Scraps from the kitchen should cut out completely, if not reduced to enough that the flock eat up in a minute or two in the evening time. These scraps lead to unbalanced diet in the flock and can therefore impact on successful hatching.
Other Feed & Supplements– 5%
Oyster Shell Grit should always be available. Oyster shell grit is a soluble grit that will contribute to good egg shell quality. This is where the chick will develop so a strong healthy shell will be a much better environment than poor egg shell.
Oyster shell grit should be fed separately to the feed in a suitable feeder and available all the time to the flock.
A good poultry multivitamin will add the finishing touch to the diet and be well worth the small investment. This will help to build up the important vitamins in the flock.
It is important to make sure that hens are free of both internal and external parasites.
For internal parasites the flock should be wormed using a suitable product. A worm burden will impact upon the overall health level of the flock and fertility level in the cockerel.

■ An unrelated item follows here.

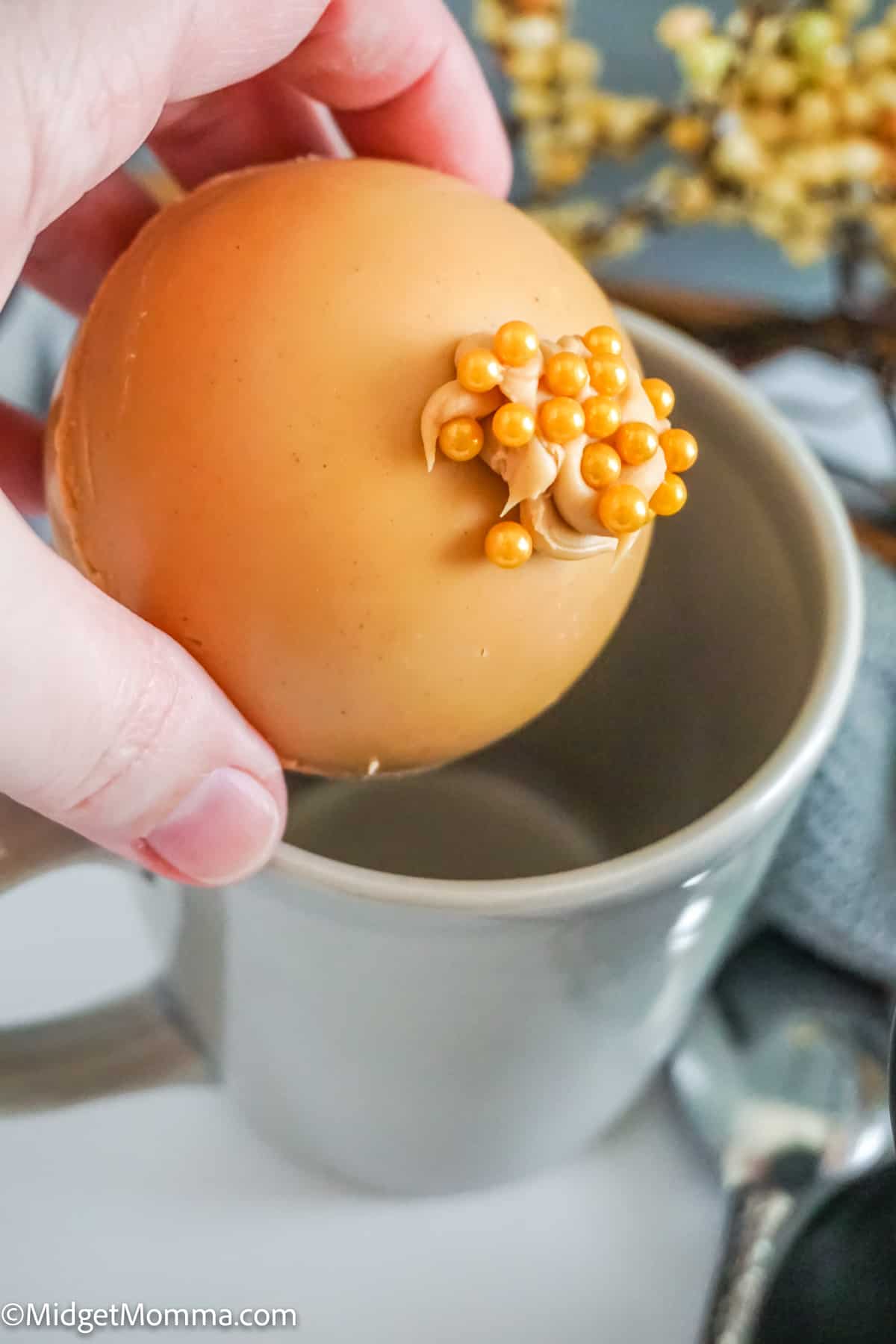 peanut butter hot chocolate bomb being placed in to a mug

External parasites such as red mites, scaly leg mite, northern fowl mite or lice should be eradicated at all times of the year. From a bird health and egg quality point of view they will impact upon how successful you are likely to be. Red mites will suck blood from hens leading to anaemia, and eventually to likely death. If a hen or cockerel is anaemic, it goes without saying that the eggs will be of very poor quality. To make matters worse, if the cockerel is anaemic he is likely infertile and no eggs will hatch!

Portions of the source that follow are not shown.